(Information shown):
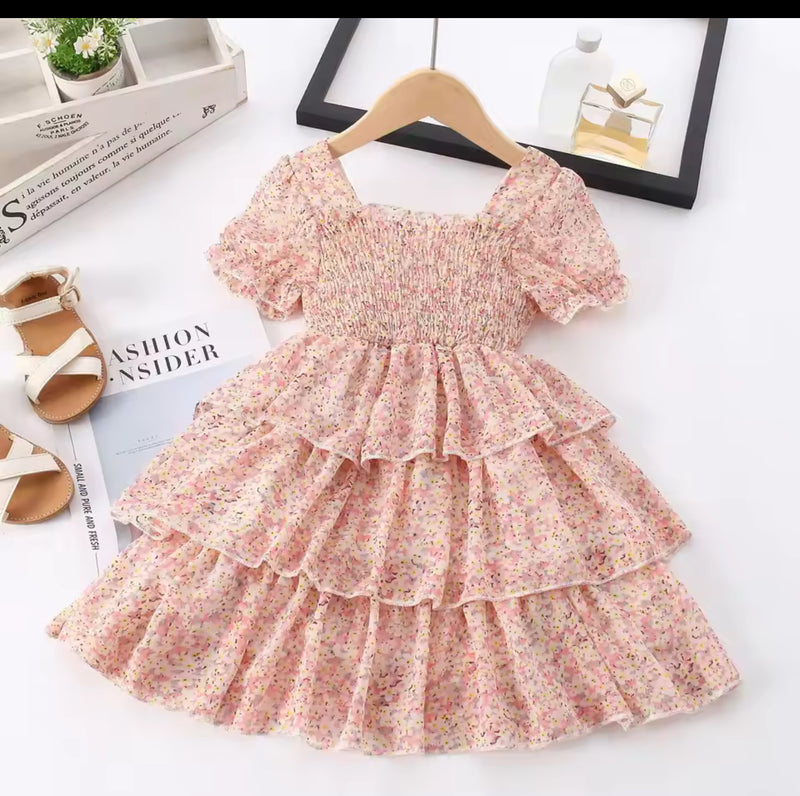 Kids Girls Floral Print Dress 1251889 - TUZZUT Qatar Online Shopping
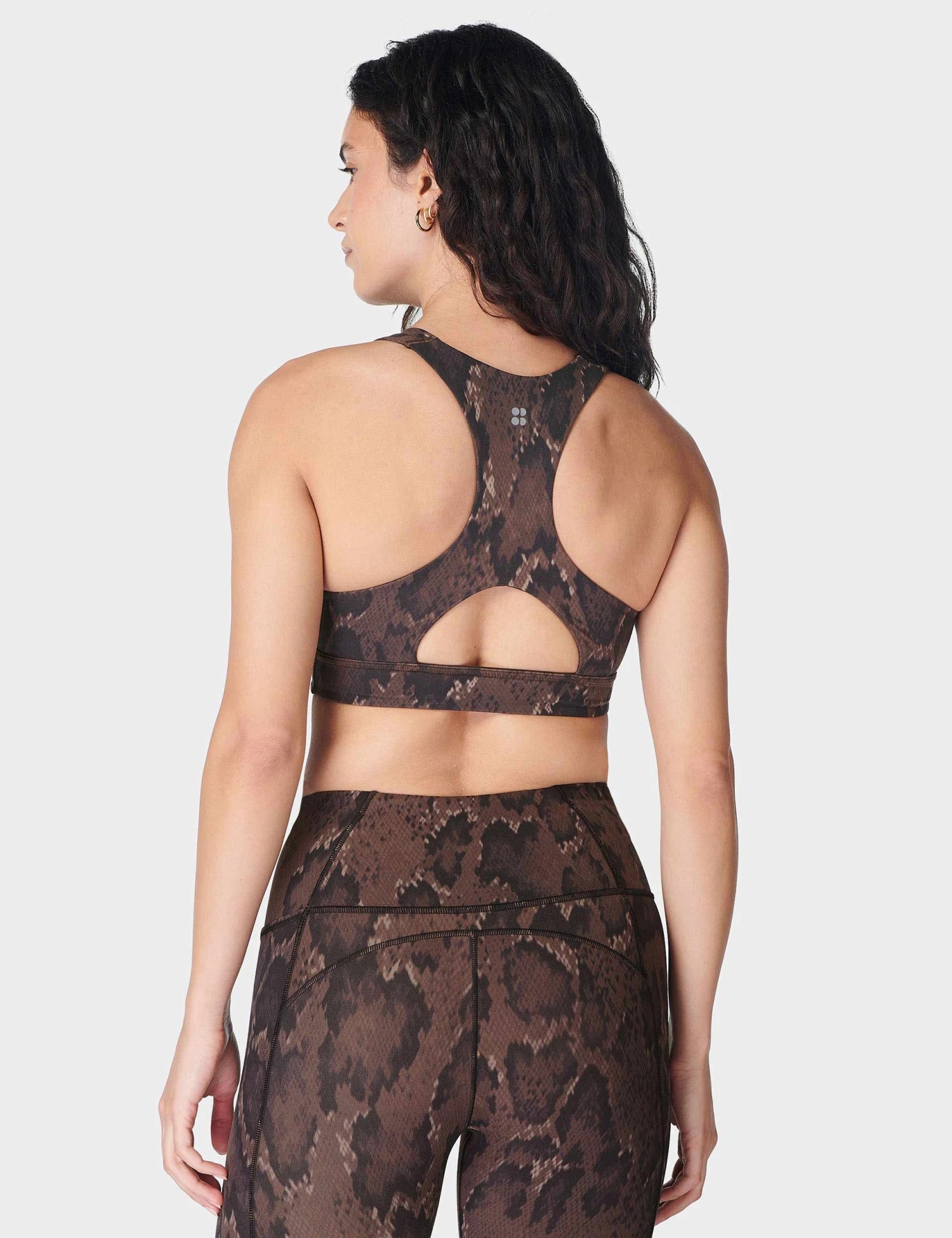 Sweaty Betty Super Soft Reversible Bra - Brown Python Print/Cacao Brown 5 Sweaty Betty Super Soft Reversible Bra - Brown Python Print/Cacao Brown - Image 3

==

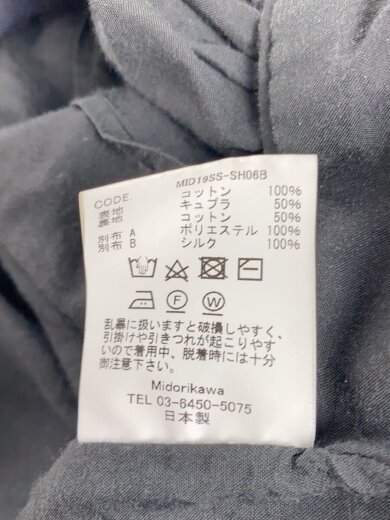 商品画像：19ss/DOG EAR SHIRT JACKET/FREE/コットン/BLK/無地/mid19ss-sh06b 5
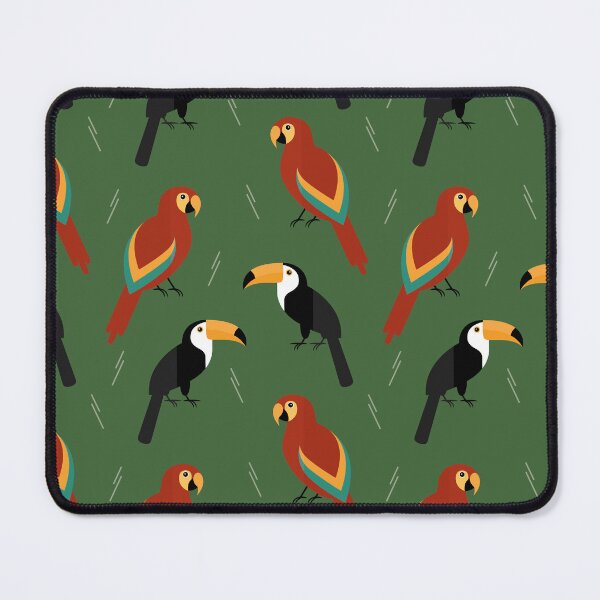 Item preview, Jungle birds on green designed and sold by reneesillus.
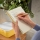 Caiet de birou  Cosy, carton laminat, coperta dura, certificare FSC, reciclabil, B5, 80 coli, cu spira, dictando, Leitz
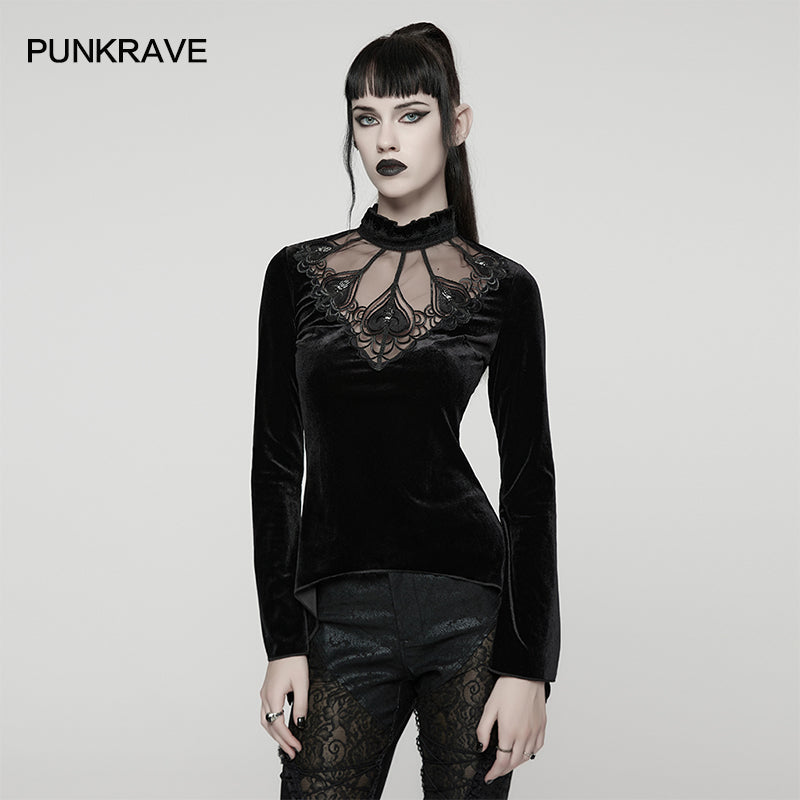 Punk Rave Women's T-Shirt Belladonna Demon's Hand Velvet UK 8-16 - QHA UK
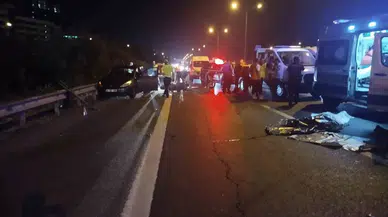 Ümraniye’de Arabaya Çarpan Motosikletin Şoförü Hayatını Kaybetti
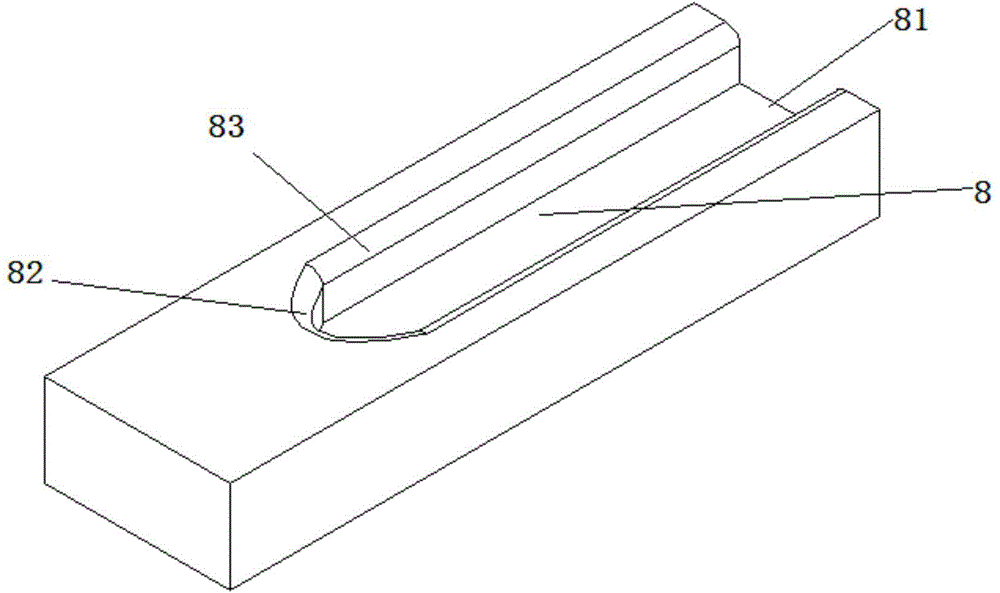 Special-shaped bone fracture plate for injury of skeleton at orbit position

* * *

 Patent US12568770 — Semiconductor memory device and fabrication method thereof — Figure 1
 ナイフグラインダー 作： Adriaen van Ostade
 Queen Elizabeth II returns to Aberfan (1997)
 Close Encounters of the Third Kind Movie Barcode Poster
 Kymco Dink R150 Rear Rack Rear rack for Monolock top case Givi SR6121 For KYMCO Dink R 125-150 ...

(Exercise directions):
What you write out is the stretch of entries from the line containing "Kids Girls Floral" to the line containing "Brown - Image 3", word for word, with both end lines and no pictures.

(Task output):
 Kids Girls Floral Print Dress 1251889 - TUZZUT Qatar Online Shopping
 Sweaty Betty Super Soft Reversible Bra - Brown Python Print/Cacao Brown 5 Sweaty Betty Super Soft Reversible Bra - Brown Python Print/Cacao Brown - Image 3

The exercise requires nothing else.